The Council communicated with residents via social media to raise awareness of the support available to residents, which allowed engagement with people who were potentially having issues registering as part of the shielding service. Queries were directed to the Contact Centre, which in turn allowed residents to receive assistance if they were entitled to support. It was evident that clear communication allowed more people to access shielding support, raised the Council’s corporate social responsibility profile, which reinforced how critical clear communication is internally and publicly. Changes to areas of work, different processes and new systems was dealt with reactively, which in many ways was unavoidable but can also be a challenging way to work long term. Procedures, communication networks, and relationships have been formed as a result of the shielding support service, which will stand in good stead for future work and adapting to challenging times.

Additional Comments

The staff that supported Sefton’s Shielded service worked incredibly hard to support vulnerable residents at an overwhelmingly difficult & frightening time. Partners, managers, through to welfare callers, there was a shared understanding of how important it was to make this work & what difference it would make to our communities. Everyone went above expectation for 4-months & this award would reinforce how important this piece of work was.
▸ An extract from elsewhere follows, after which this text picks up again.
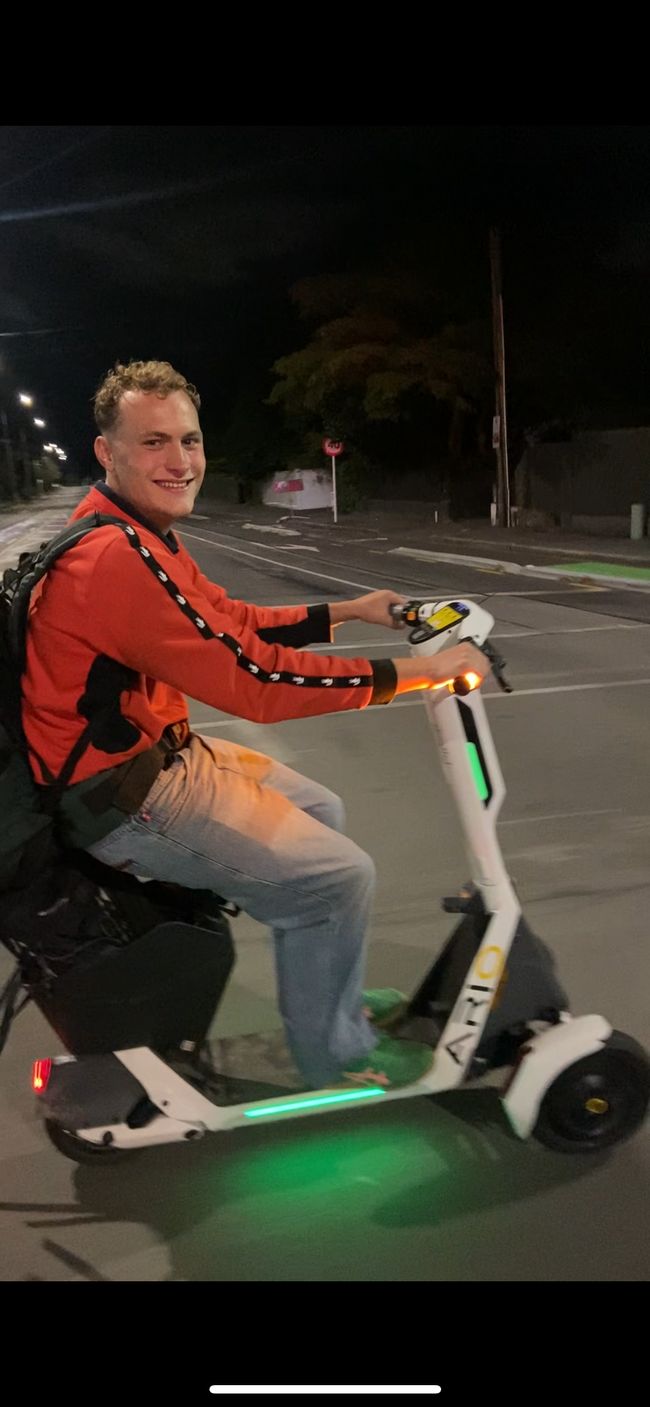 Mit e-scooter zum Airport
The service was one of the unique offerings nationally.

COVID-19 Response Recognition Award

As a result of the shielding being introduced and the leisure team being responsible for daily welfare calls, ways of working were quickly adapted. Feedback received from residents highlighted the impact the welfare calls had on them during the period of shielding, and how it made a difference to their lives at the time. Examples of comments are below (with personal details removed):

1. Dear XXXX
I would like to pass on my sincerest thanks to Sefton council for their support during this difficult period. The food parcel went so far in helping out, and the Sefton staff who have contacted me have been great. Even having to listen to me griping on about breaking a tooth in the middle of lock down. Your support has been Tremendous thank you so much

2. Dear XXX and XXXXX,
I just wanted to drop you a quick note to say how much I have appreciated the welfare calls I’ve received from your team(s). I am registered as extremely vulnerable because of underlying health issues, for which I receive immunotherapy treatment, but count myself lucky as I am reasonably fit despite that. Nevertheless, to have received the calls has meant so much. To know that someone cares, that someone is looking out for you is really quite touching. Please pass on my thanks to your teams. I’m so sorry that I can’t remember all their names but the latest to call was XXX. I think before that there was XXXX, XXX, XXX Anyway, they were all delightful ladies and such a pleasure to chat to. Keep up the good work, it IS appreciated. Many thanks.